Privacy policy
1. WHAT IS THE PURPOSE OF THIS PRIVACY POLICY?
The purpose of this policy is to meet the information obligations of SOGITEC INDUSTRIES, located at SOGITEC INDUSTRIES, registered with the French RCS of Nanterre under the company number 652011867 (hereinafter “SOGITEC” or “we”) governed by the European Union’s GDPR (Article 12) and any applicable regulations, to document the rights and obligations of customers and prospects with regard to the processing of their personal data.
This policy sets out the conditions under which we process the personal data to which we have access in the context of our pre-commercial and commercial relations.
2. WHAT DATA DO WE PROCESS?
The data is mainly collected directly from SOGITEC’s customers and prospects.
As a result, we only collect and use the data necessary for the conclusion or execution of contracts, namely:
- identity of the contact person (s) (e.g. title, surname, first name);
- professional contact details of the contact person (s) (e.g. professional email address, professional postal address, professional land or mobile phone number, fax number);
- professional information of the contact person (s) (e.g. position, grade, function);
- technical data depending on the use case (identification or connection data such as IP address or logs).
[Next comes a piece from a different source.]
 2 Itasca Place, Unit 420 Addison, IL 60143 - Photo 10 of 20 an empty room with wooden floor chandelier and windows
3. HOW DO WE COLLECT YOUR DATA?
Data may be collected by the direct collection of your data as part of pre-contractual and contractual relationships. We may also receive this data about you indirectly, via the company Dassault Aviation, SOGITEC’s parent company.
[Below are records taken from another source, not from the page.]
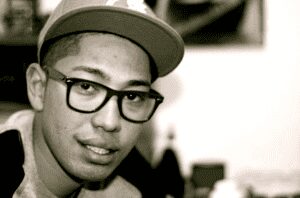 Person with glasses and cap smiling.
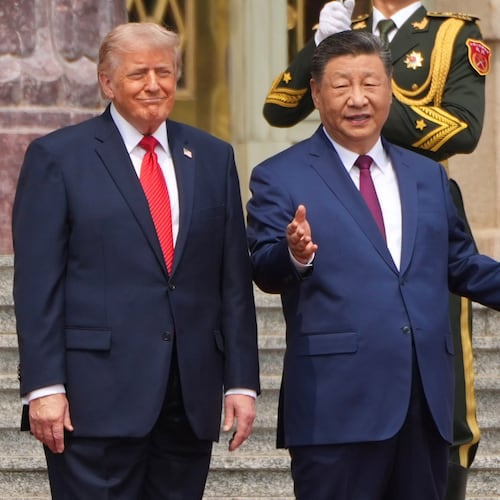 FILE - President Donald Trump, left, participates in a welcome ceremony with China's President Xi Jinping at the Great Hall of the People, May 14, 2026, in Beijing. (AP Photo/Mark Schiefelbein, File)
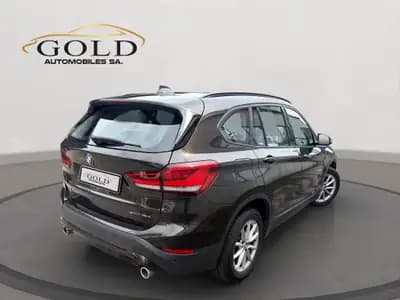 BMW X1 xDrive 18d Essential Edition — SUV compact diesel, un seul propriétaire, expertise complète — side view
4. WHAT PROCESSING DO WE PERFORM?
SOGITEC undertakes the following processing:
| Main purposes | Sub-aim | Legal basis | Retention timeline |
| Prospect management | Entering into a commercial relationship, contractual negotiation, responding to requests. | Legitimate interest | For prospects: 3 years from their collection or the last contact from the prospect (request for documentation, click on a link contained in an email, etc.). For customers: 3 years from the end of the commercial relationship (from the end of a contract) or the last contact from the customer. |
| Customer management | KYC procedure, drafting, signing and monitoring contracts. Billing and payment management. Customer support. Invitation to events and trade shows. | Pre-contractual measures and fulfilling the contract | 5 years from the end of the contractual relationship. 10 years for contracts of more than 120 euros (€), concluded electronically.10 years from the end of the accounting year for commercial correspondence. |
| Risk management | Creating access management and video protection | Legal obligation | For a maximum period of one month – Sogitec reserves the right to keep the data for a shorter period. |
| Digital analytics | Cookies and other trackers: | Legitimate interest (excluding consent for possible advertising cookies) | View the cookie policy |
5. HOW LONG IS YOUR DATA KEPT?
We define the retention period of the data between our contact person(s) with our customers and prospects with regard to our legal and contractual constraints and our sector of activity; failing that, according to our needs, set out in the diagram above.
After the deadlines set, the data is either deleted or retained after having been anonymised, in particular for reasons of statistical use. The data be retained in the event of pre-litigation and litigation.
Please note that deletion or anonymisation are irreversible operations and SOGITEC is no longer able to restore this information.
6. WHO HAS ACCESS TO YOUR PERSONAL DATA?
The internal recipients are the operational departments concerned and authorised. Each internal staff member who handles information regarding national defense secrecy has the appropriate security clearance.
External recipients are SOGITEC’s subcontractors and service providers that we need to fulfil pre-contractual and contractual relations.
SOGITEC does not, as a matter of principle, transfer said data outside the European Union. In the exceptional event that SOGITEC or its subcontractors do so, we will ensure that this transfer is governed by special measures as imposed by the European Union’s GDPR. You can contact our Data Protection Officer if you require access to the documents authorising the transfers, if such transfers take place.
7. WHAT RIGHTS DO YOU HAVE?
As a data subject, any employee of a prospect or client of SOGITEC may exercise their rights in accordance with the European Union’s GDPR and the French Data Protection Act, directly with SOGITEC, subject to verifying that this request does not harm the interests of the client or prospect. This right may also be exercised directly by the customer or prospect or by the data subject.
To exercise your rights, or for any questions concerning the processing of your personal data by SOGITEC, you can write directly to the DPO, Mr Eric Barbry, whose email address is dpo-sogitec@racine.eu.
You have the right to lodge a complaint with the French CNIL if you believe that your rights have been infringed. The contact details are Service des plaintes, CNIL, 3 place de Fontenoy – TSA 80751, 75334 Paris Cedex 07, or by phone at +33 1 53 73 22 22
8. DATA SECURITY AND PROTECTION
SOGITEC defines and implements security measures to prevent the unauthorised destruction, loss, alteration or disclosure of data. The computer systems and paper media used are organised and protected to ensure the security and confidentiality of your information.
9. UPDATES
We reserve the right to change the layout and content of this policy. We therefore recommend you consult it regularly.